Lorsque le règlement n° 261/2004 ne s’applique pas, le passager ne doit pas se contenter de réclamer 250, 400 ou 600 euros en fonction de la distance du vol. Il doit constituer un dossier démontrant précisément les conséquences du retard.

Préjudices matériels

Peuvent notamment être produits :

  • les factures de restauration et d’hébergement ;

  • les frais de transport supplémentaires ;

  • le coût d’un nouveau billet ou d’une correspondance manquée ;

  • les dépenses téléphoniques ou de communication ;

  • les frais rendus nécessaires par une arrivée tardive ;

  • les pertes professionnelles précisément justifiées.

Préjudice moral et désorganisation

Le passager peut également documenter :

  • un rendez-vous professionnel ou médical manqué ;

  • une journée de travail perdue ;

  • une cérémonie ou un événement familial manqué ;

  • une arrivée nocturne particulièrement éprouvante ;

  • l’absence d’information ou l’incertitude prolongée ;

  • les conditions d’attente à l’aéroport ;

  • les conséquences particulières liées à l’âge, au handicap ou à la présence d’enfants.

Des attestations, échanges de courriels, certificats, confirmations de rendez-vous ou justificatifs professionnels seront plus efficaces qu’une simple affirmation générale de stress ou de fatigue.

Notre analyse

Ces quatre décisions montrent que le premier réflexe ne doit jamais consister à rechercher immédiatement le montant de l’indemnité. Il faut d’abord déterminer quel régime juridique gouverne le trajet.

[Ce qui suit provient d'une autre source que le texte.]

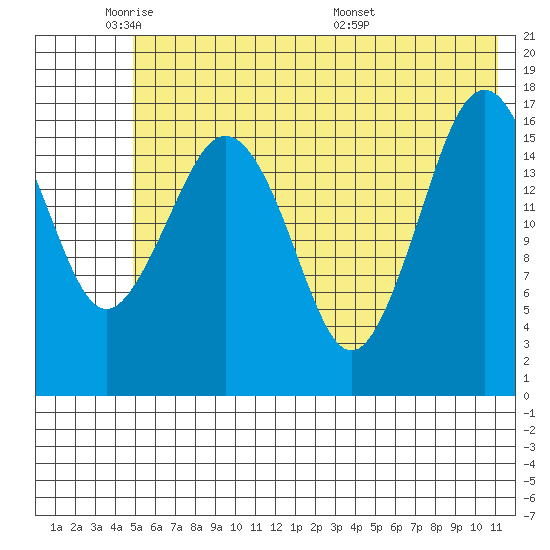 Bear Cove tide chart for Friday, May 31, 2024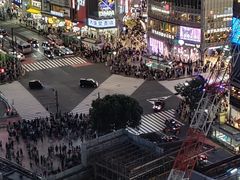 -涩谷全向十字路口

Lorsque le vol part de l’Union européenne, le règlement n° 261/2004 peut s’appliquer même si la compagnie est égyptienne, marocaine, émiratie ou kényane. Lorsque le vol part d’un pays tiers à destination de l’Union avec un transporteur non communautaire, le règlement est en principe inapplicable et la Convention de Montréal reprend toute son importance.

La distinction est décisive : dans le premier cas, l’indemnisation est forfaitaire ; dans le second, le passager doit démontrer un dommage réparable.

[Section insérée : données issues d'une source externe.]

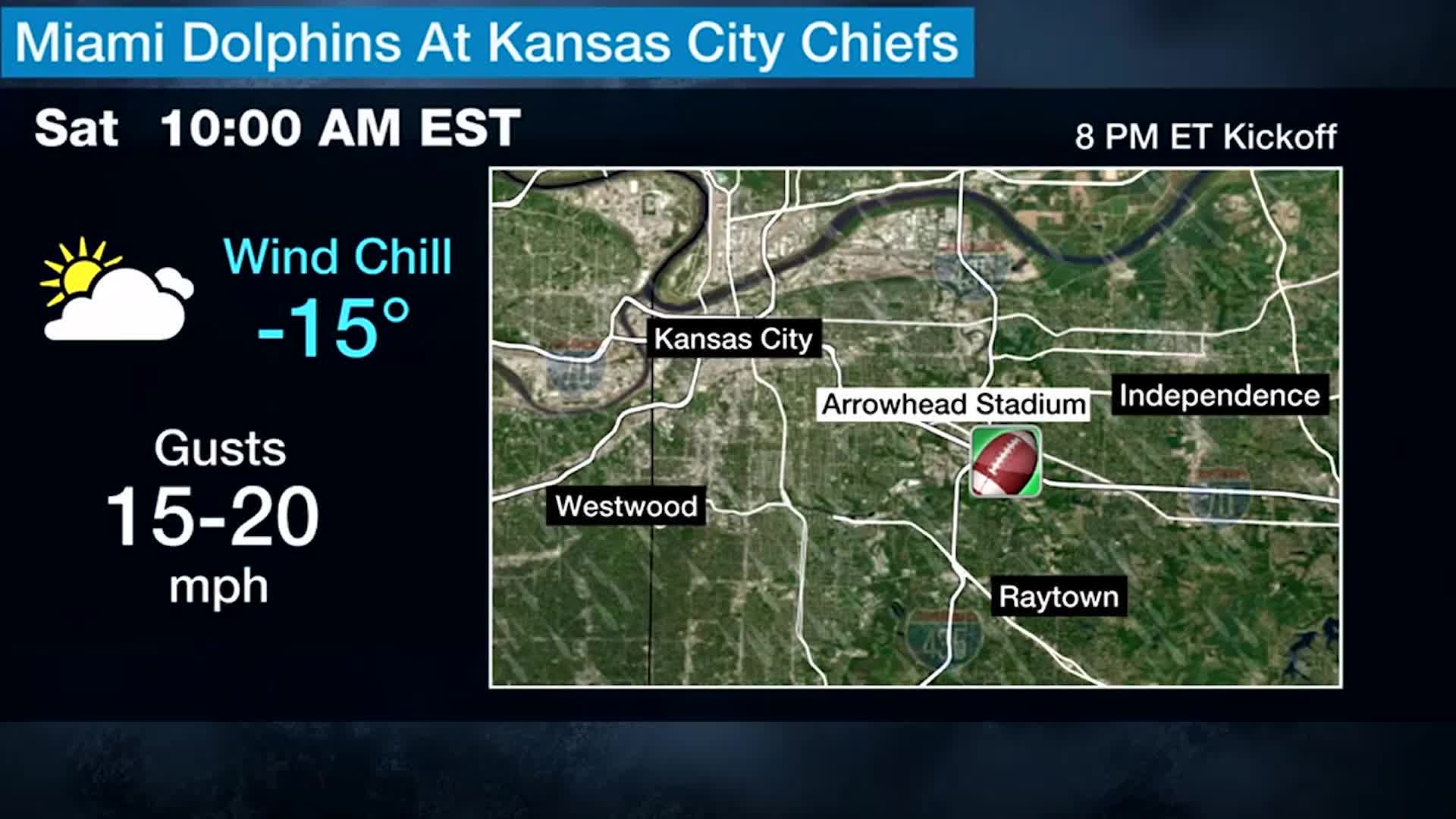 Weather Playing A Huge Factor In Multiple NFL Playoff Games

Les décisions nantaises révèlent cependant que cette opposition n’est pas totalement étanche. Pour un retard particulièrement long, le juge peut déduire l’existence d’un préjudice moral de la durée et des circonstances de l’attente. La Convention de Montréal ne devient pas pour autant un mécanisme forfaitaire, mais l’appréciation judiciaire peut aboutir à une indemnisation partiellement standardisée.

Questions fréquentes

Puis-je être indemnisé pour un vol Casablanca–Nantes retardé ?

Oui, mais pas automatiquement sur le fondement du règlement n° 261/2004 lorsque le vol est assuré par Royal Air Maroc. Le trajet part d’un pays tiers et le transporteur n’est pas communautaire. Une indemnisation peut être demandée au titre de la Convention de Montréal, à condition de prouver le dommage causé par le retard.

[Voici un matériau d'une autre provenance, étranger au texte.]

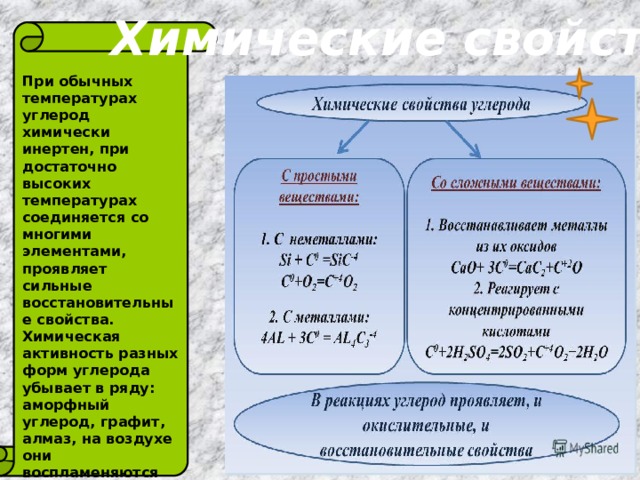 Дать характеристику углерод. Физические свойства простого вещества углерода. Характер простого вещества углерода. Углерод как простое вещество характеристика. Свойства углерода как простого вещества.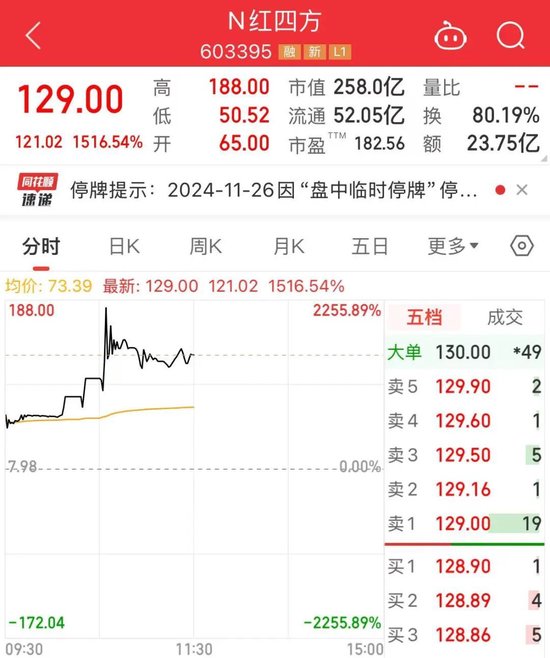 714.54%→2256%→1516%，中1签最高赚9万！谷子经济突然爆火，龙头5连板 第1张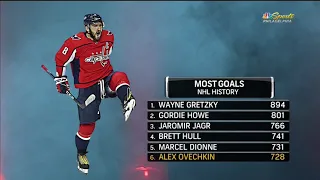 Александр Овечкин  728 гол в НХЛ  22 в сезоне  (гол+пас 1317)   /до Гретцки 166 шайб/ /14.04.2021/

La Convention de Montréal prévoit-elle une indemnité forfaitaire ?

Non. Elle fixe un plafond de responsabilité, mais pas une somme automatiquement due. Le passager doit justifier son préjudice matériel ou moral. Reprendre simplement les montants de 250, 400 ou 600 euros prévus par le règlement européen ne suffit pas.

Quel tribunal saisir contre une compagnie aérienne étrangère ?

La compétence dépend notamment du trajet, du lieu de départ ou d’arrivée, du domicile ou de l’établissement du transporteur et du fondement de l’action. La présence d’une compagnie étrangère ne prive pas automatiquement les juridictions françaises de compétence. Une analyse du billet, des différents tronçons et du transporteur effectif est indispensable avant toute saisine.